# To do
Output exactly the lines below, starting with the line that has "Delcampe - BEAUVOIR" and going on through the line that has "Liz Claiborn graphic tee", both included, and no other lines.

# Data supplied

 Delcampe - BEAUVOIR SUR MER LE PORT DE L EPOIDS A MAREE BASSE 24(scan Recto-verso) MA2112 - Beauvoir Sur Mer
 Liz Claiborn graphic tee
* * *
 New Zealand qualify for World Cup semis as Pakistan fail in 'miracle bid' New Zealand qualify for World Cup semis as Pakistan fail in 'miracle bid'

# Solved problem
 Delcampe - BEAUVOIR SUR MER LE PORT DE L EPOIDS A MAREE BASSE 24(scan Recto-verso) MA2112 - Beauvoir Sur Mer
 Liz Claiborn graphic tee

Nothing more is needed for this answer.